Description of Application

Period of Limitation

Time from which the period begins to run

137

Any other applicable for which no period of limitation is provided elsewhere in this division.

Three years

When the right to apply accrues.

 

# 10. We hold that the period of Limitation of three years would therefore be either from the date of the CIRP or Liquidation Order since the Resolution Professional or Liquidator can act on behalf of the ‘Corporate Debtor’ only after their appointment and if the impugned Claim is legally enforceable as on the date of the CIRP as well as on the date of Liquidation, by exclusion of Limitation as provided for under Section 60(6) of the Code, it cannot be said that the Claim is ‘barred by Limitation’.

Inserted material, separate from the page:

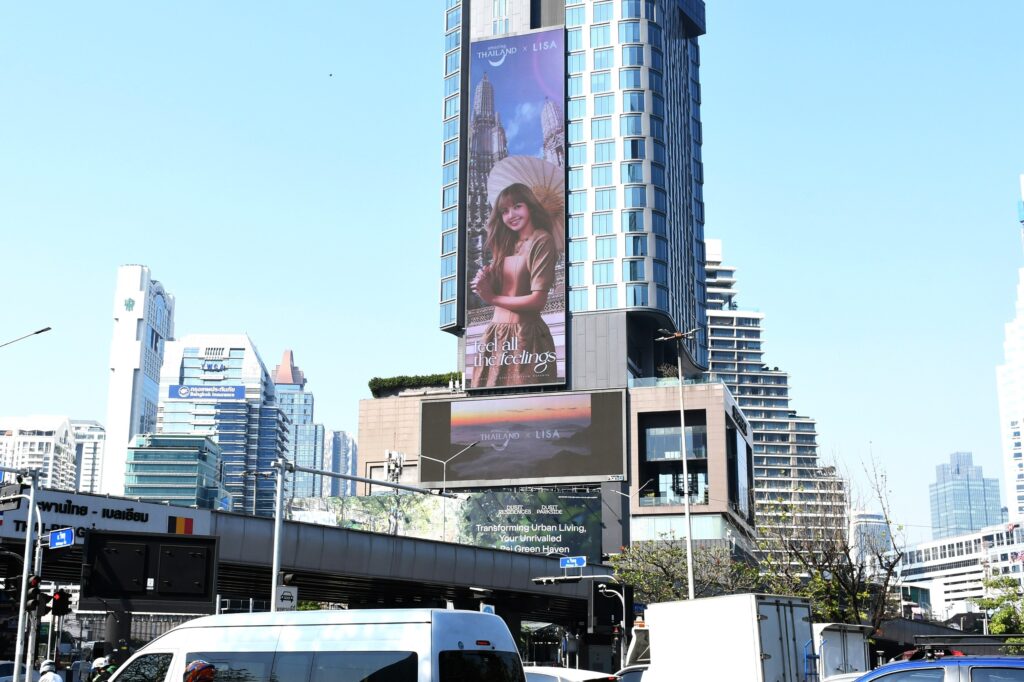 Amazing Thailand x LISA “feel all the feelings” skyscraper banner at SO/ Bangkok on North Sathorn–Rama 4 Road.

# 11. The object of sub-Section (2) of Section 446 of the Companies Act, 1956 and Section 60 (5) of the Code is only to save the Company in Liquidation from multiple Litigations and to accelerate the disposal of the winding-up Proceedings. We also place reliance on the Judgement of the Apex Court in ‘Sudarshan Chits (I.) Ltd.’ Vs. ‘Sukumaran Pillai’ (1984) 4 SCC 657, in which it is observed that sub-Section (2) of Section 446 specifies the contours of the jurisdiction of the Code which is the winding-up Company it confers special jurisdiction of the Code, notwithstanding anything contained in any other law for the time being in force. Section 238 of the Code reads as hereunder:

  • “238. Provisions of this Code to override other laws. -

  • The provisions of this Code shall have effect, notwithstanding anything inconsistent therewith contained in any other law for the time being in force or any instrument having effect by virtue of any such law.”

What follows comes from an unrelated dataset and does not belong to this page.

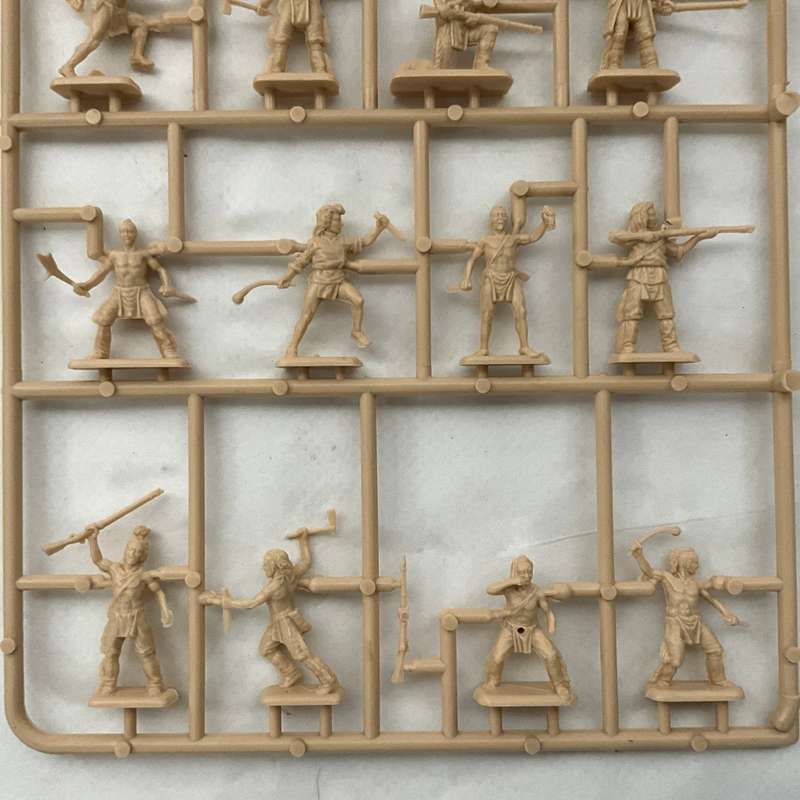 Italeri model kit American Independence War  Indian Warriors (incomplete)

# 12. Regulation 39 of the Insolvency and Bankruptcy Board of India (Liquidation Process) Regulations, 2016, clearly spells out that a Liquidator shall make all attempts to recover the assets and outstanding dues of the ‘Corporate Debtor’ in a time bound manner for the purpose of ‘Maximisation of Value of the Stakeholders’.

 

# 13. Now we address to the contention of the Learned Counsel for the Appellant that the Liquidator ought to have instituted a Civil Suit under Section 35(1)(k) before the appropriate form and the Application filed by them was not maintainable before the Adjudicating Authority. We find force in the contention of the Learned Counsel for the Respondent that Section 33(5) and 35(k) of the Code are akin to the provisions of Section 457 of the Parent Companies Act, 1956 and therefore the real intent of the said Sections should be interpreted from the reading of the ratio of the Judgements of the Hon’ble Supreme Court made under Section 457 of the Companies Act, 1956.

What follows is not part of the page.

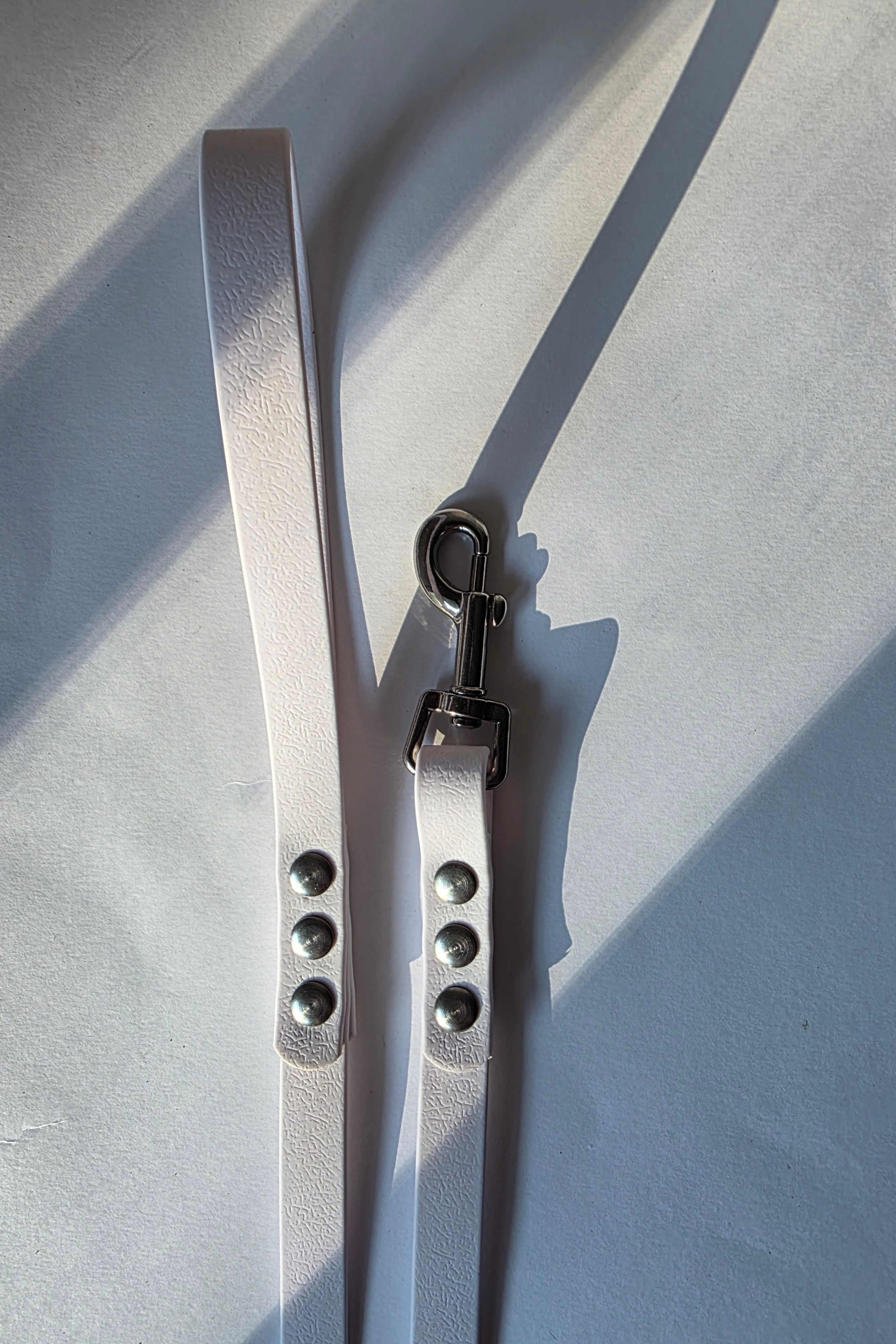 Pavadėlis dengtas PVC, baltas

# 14. To understand the purport and the exact intent of the said Sections, at this juncture, we place reliance on the Judgement of the Hon’ble Bombay High Court in the matter of the Official Liquidator Transpower Engineer Ltd. in Company Petition No.606/1998 wherein the Hon’ble Bombay High Court has observed as follows:

  • “Section 457 confers power on him to institute or defend any suit, prosecution, or other legal proceeding, civil or criminal in the name and on behalf of the company. Power is conferred upon him to sell the properties both moveable and immovable of the company and to realize the assets of the company and this was to be done for the purpose of distributing the assets of the company amongst the claimants. Now, at a stage when a winding up order is made the company may as well have subsisting claims and to realize these claims the liquidator will have to file suits. To avoid this eventuality and to keep all incidental proceedings in winding up before the Court which is winding up the company, its jurisdiction was enlarged to entertain petition amongst others for recovering the claims of the company. In the absence of a provision like Section 446(2) under the repealed Indian Companies Act, 1913, - the Official Liquidator in order to realize and recover the claim and subsisting debts owed to the company had the unenviable fate of filing suits. These suits as is not unknown dragged on through the trial Court and Courts of appeal resulting not only in multiplicity of proceedings but would hold up the progress of the winding up proceedings. To save the company which is ordered to be wound up from this prolix and expensive litigation and to accelerate the disposal of winding up proceedings, the Parliament devised a cheap and summary remedy by conferring jurisdiction on the Court winding up the company to entertain petitions in respect of claims for and against the company. This was the object behind enacting Section 446(2) and, therefore, it must receive such construction at the hands of the court as would advance the object and at any rate not thwart it.”


# 15. We are of the view that the Liquidator can file an Application under Sections 60(5) and 35(k) for recovering the legally enforceable claims owed to the ‘Corporate Debtor’ before the Learned Adjudicating Authority during the Liquidation Process as these Applications are filed keeping in view the objective of time bound and the ‘Maximisation of Assets of the Stakeholders’ and also to avoid multiplicity of proceedings.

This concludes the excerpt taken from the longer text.